**INPUT RECORDS:**
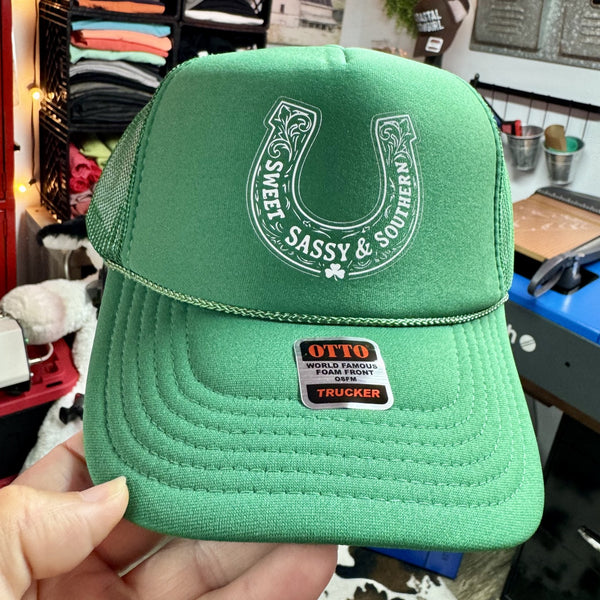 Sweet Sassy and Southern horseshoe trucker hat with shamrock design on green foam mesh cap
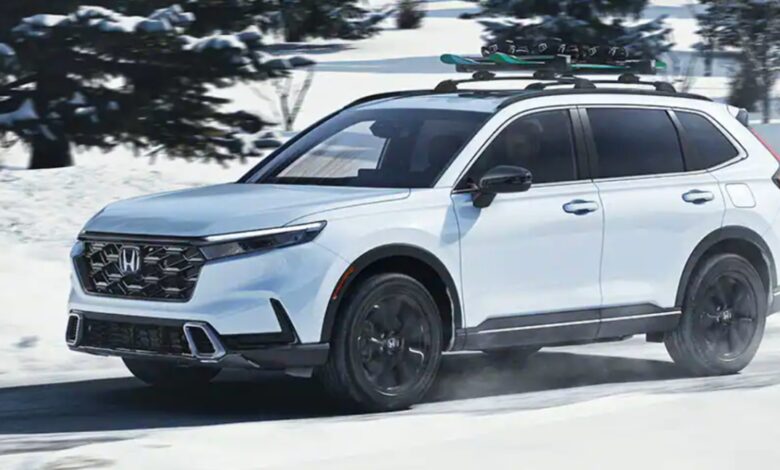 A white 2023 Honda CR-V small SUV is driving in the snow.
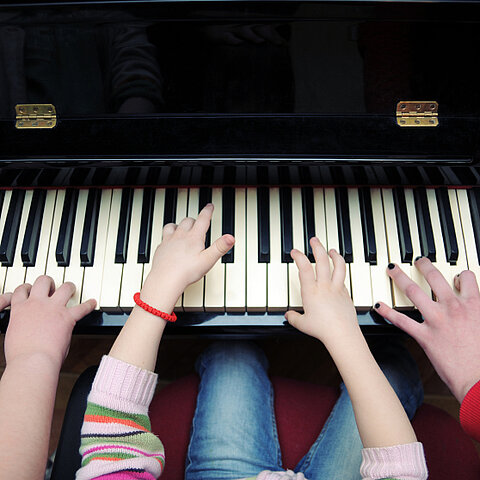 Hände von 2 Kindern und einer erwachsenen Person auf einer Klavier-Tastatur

---

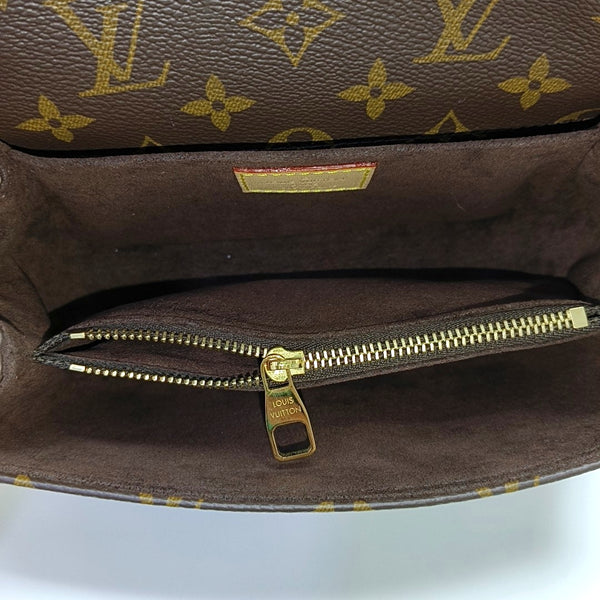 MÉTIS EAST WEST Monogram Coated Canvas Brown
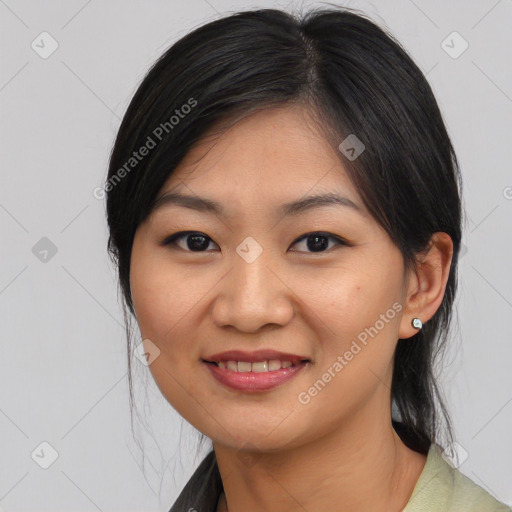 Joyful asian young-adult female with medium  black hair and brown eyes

--

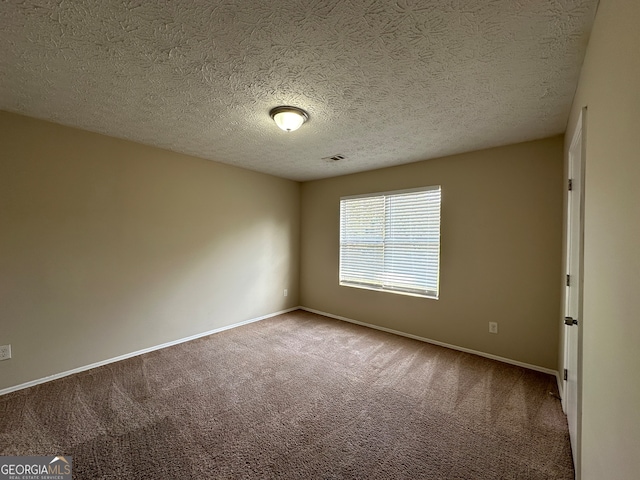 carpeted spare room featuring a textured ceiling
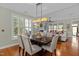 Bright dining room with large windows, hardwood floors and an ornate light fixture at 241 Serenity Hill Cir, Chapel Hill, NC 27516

**INSTRUCTIONS FOR THE TASK:** Would you copy the lines above exactly, starting with the one that has "A white 2023" and ending with the one that has "Hände von 2", both included, without the pictures?

**THE COMPLETED TASK:**
 A white 2023 Honda CR-V small SUV is driving in the snow.
 Hände von 2 Kindern und einer erwachsenen Person auf einer Klavier-Tastatur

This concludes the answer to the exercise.